The cyber war rulebook

War has always been a dirty business, both bloody and chaotic, but that hasn’t stopped us from imposing codes of conduct on combat. They might not mean a lot in the heat of battle or be relevant to achieving strategic objectives, but they are there for a reason.

As modern warfare and technology entwine it’s only natural that we seek to place similar rules of engagement to cyber warfare. That’s exactly what NATO’s hoping to achieve through the Tallinn Manual – its handbook on cyber war, which include rules on battlefield behaviour for future cyber wars.

Gaining international agreement on battlefield rules, such as the 1949 Geneva Convention, has always been a key means of civilising warfare over the millennia. The inception of the convention was precipitated by the horrors of 20^th century warfare. World War I and II illustrated warfare at an industrial scale and where our introduction to weapons of mass destruction, including chemical and nuclear weapons. From the deadly plumes of mustard gas that wafted across Ypres in 1915 to the atomic bombs that obliterated the Japanese cities of Hiroshima and Nagasaki in 1945, their impact on our collective consciousness led to the development of stringent rules.

Both types of weapons are now subject to international battlefield rules that ban their use.

The Convention on the Prohibition of the Development, Production, Stockpiling and Use of Chemical Weapons and on the Destruction was ratified in November 1996 and has 184 state parties (effectively countries) today. The International Court of Justice, the United Nations highest court, issued an advisory opinion on 8 July 1996 on the Legality of the Threat or Use of Nuclear Weapons. The court found that the use or threat of use of nuclear weapons would violate international laws, including the Geneva Conventions, the Hague Conventions, the Universal Declaration of Human Rights, and the UN Charter.

A necessary extension

The Tallinn manual is a necessary extension of this process given that the nature of modern warfare has increasingly started to shift towards the digital realm. Cyber warfare is no longer a dystopian mirage. It’s real and its destructive potential cannot be underestimated.

The manual is the result of a three-year effort by an independent group of international experts from a wide range of organisations, including the International Committee of the Red Cross, who were invited to participate by the North Atlantic Treaty Organization (NATO) Cooperative Cyber Defence Centre of Excellence.

It brings together international laws regulating the conduct of armed conflict and describes how these laws would be applied to cyber war. A focus for the experts was to provide a framework for state conduct in cyberspace based upon international laws, conventions and agreements.
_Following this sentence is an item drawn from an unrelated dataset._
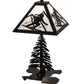 Meyda Lighting Alpine 21" 2-Light Textured Black Table Lamp With White Art Shade Glass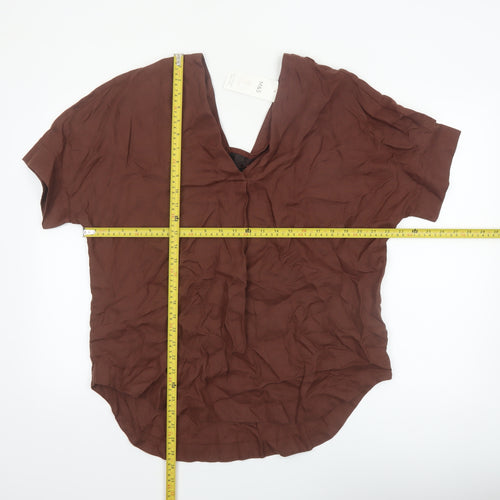 Marks and Spencer Women's Brown Pure Linen V-Neck Short Sleeve Blouse Size 14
In 2011, the US president issued a paper titled the International Strategy for Cyberspace which stated “the development of norms for state conduct in cyberspace does not require a reinvention of customary international law, nor does it render existing international norms obsolete.  Long-standing international norms guiding state behaviour – in times of peace and conflict – also apply in cyberspace.” A caution was also provided in the paper with the comment “unique attributes of networked technology require additional work to clarify how these norms apply and what additional understandings might be necessary to supplement them.”

By publishing the Tallinn Manual the US and NATO have provided an insight into how international norms might apply within cyberspace, though the Tallinn Manual is not an official document and does not represent policy views of any of the nations involved in its preparation.

The cyber war rules in the Tallinn Manual were adopted unanimously by the group of international experts and provide commentary that identifies their legal basis and highlights any difference of opinion among the experts as to interpretation of the rules in the cyber context.

Humanitarian protections (prisoner rights and protection for medical computer networks and applications) and provisions for cyber war crimes, such as launching an attack from a neutral nation’s digital network, are included in the manual.

Dr Marco Roscini, Reader in International Law at the UK’s University of Westminster, was quoted by News Limited this week saying “I’m sure it [the 282 page Tallinn Manual] will be quite influential” with military lawyers across the world as they grapple with cyber war.

Should we prepare for cyber war?

Countries now have an important opportunity to prepare urgently needed cyber war policies based upon the Tallinn Manual. Small scale cyber wars have already commenced (Israel versus Hamas, US versus China) and all nations are being drawn into cyber conflicts of one form or another.

It is only a matter of time before a conflict breaks out in our backyard. Former prime minister Kevin Rudd wrote earlier this year that East Asia is “a tinderbox on water”. As conflicts escalate in our region, Australia should anticipate and prepare for increased cyber-attacks and potential cyber war that would inevitably spill over onto Australia’s network or our international connecting networks.

Australia should use its membership of the UN Security Council in 2013 to push for the international community to develop and adopt an international cyber war convention.

Mark Gregory is a senior lecturer in Electrical and Computer Engineering at RMIT University.